In Partial Fulfillment of the Requirements for the Degree of
Doctor of Philosophy
Will defend his dissertation
Recent advances in acquisition hardware design allow the collection of electroencephalography (EEG) and magnetoencephalography (MEG) time series at an ever increasing temporal and spatial resolutions. At the same time, computationally complex analysis methods have also become very popular. Therefore, efficient implementation of such methods that take advantage of the newest computational hardware and the latest developments in algorithms is of paramount importance to analyze the EEG and MEG signals efficiently.
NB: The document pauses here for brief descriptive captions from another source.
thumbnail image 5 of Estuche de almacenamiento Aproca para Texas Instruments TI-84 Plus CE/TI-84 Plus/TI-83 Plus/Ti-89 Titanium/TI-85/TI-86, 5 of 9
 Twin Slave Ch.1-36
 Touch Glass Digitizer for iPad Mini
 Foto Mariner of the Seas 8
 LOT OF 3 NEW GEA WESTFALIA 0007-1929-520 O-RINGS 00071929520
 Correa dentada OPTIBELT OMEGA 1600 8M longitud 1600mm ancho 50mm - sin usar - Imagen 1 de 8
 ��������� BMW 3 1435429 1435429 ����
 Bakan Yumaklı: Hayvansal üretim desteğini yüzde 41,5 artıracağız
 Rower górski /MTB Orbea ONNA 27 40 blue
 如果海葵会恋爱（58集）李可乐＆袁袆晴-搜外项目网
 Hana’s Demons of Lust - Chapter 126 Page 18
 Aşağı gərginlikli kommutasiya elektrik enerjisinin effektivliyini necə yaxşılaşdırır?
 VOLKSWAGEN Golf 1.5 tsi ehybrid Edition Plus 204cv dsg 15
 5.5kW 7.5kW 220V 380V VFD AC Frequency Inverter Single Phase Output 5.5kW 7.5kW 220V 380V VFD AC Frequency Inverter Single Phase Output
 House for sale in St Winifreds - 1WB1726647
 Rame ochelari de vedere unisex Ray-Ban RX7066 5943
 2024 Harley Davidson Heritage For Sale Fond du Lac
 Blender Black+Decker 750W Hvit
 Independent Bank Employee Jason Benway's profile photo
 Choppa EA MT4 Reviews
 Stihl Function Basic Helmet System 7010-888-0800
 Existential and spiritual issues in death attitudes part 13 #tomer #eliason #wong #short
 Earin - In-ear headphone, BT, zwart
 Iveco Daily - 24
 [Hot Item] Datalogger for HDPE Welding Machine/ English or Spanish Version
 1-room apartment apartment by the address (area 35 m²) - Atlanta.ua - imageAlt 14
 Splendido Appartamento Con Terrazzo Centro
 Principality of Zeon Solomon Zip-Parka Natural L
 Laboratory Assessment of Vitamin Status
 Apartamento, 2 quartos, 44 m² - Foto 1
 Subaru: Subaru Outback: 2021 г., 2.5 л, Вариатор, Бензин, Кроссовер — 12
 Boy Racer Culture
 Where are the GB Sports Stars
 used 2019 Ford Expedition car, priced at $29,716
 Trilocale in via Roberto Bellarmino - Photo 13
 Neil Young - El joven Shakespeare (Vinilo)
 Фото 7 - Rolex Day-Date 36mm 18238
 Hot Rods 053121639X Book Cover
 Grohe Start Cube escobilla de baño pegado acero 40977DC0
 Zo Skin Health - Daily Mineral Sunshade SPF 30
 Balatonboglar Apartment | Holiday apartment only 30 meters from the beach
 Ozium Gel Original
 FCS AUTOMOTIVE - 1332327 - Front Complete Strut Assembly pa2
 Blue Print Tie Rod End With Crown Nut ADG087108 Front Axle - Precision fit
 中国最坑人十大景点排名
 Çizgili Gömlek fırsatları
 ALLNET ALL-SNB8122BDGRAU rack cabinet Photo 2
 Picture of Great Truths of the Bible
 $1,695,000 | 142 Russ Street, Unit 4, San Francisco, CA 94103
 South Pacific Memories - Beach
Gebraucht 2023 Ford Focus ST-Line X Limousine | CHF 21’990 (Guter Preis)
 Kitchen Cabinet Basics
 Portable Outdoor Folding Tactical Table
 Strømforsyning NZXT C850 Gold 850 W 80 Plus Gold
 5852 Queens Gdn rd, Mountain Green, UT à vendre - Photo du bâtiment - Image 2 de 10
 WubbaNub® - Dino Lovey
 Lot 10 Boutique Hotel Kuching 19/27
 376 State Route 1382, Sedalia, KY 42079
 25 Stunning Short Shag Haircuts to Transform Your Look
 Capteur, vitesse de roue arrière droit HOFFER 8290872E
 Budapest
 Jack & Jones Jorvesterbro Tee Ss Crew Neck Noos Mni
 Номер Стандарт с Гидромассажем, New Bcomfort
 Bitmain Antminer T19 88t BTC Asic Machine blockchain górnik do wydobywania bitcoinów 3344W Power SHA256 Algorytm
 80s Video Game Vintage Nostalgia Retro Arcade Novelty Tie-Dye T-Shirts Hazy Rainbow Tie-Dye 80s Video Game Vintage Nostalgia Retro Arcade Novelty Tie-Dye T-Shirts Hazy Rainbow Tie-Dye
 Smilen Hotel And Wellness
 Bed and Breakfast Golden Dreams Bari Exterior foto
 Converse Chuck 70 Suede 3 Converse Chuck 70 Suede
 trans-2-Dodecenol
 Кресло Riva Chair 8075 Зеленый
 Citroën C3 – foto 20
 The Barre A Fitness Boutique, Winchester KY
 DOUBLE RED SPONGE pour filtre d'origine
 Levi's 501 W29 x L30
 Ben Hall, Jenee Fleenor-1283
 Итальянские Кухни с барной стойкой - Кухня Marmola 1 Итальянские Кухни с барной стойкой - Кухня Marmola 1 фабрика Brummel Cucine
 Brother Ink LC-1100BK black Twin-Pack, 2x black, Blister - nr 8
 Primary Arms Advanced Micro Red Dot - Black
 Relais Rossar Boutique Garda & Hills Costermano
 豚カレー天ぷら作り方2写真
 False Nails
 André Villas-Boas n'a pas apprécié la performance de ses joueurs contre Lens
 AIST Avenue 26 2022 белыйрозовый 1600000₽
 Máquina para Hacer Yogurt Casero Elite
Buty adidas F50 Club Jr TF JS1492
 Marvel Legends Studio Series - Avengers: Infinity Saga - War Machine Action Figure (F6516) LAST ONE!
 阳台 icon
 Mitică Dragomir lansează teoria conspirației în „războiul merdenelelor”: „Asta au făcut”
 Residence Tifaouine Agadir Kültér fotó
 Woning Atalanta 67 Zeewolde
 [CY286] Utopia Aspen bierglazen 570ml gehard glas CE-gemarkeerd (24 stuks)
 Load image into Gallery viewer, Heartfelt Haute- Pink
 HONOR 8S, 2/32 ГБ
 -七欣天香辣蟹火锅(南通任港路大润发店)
In this dissertation, we present computational methods and optimizations that enable efficient computation of large multivariate models for time series analysis. We focus on the efficient implementation of Granger causality algorithm on computer clusters . We explore the applicability of both shared and distributed memory programming paradigms to enable the analysis of arbitrarily large data sets. Our solutions are validated using clinical datasets of varying sizes. Computation of brain activation profiles using our implementation of Granger causality has resulted in reduction of computation time by up to 98.5% over existing versions.
In addition to Granger causality, we parallelize an iterative artifact removal algorithm based on independent component analysis that we have previously developed. Parallelization has resulted in a speedup of an order of magnitude and can now provide quasi real time performance.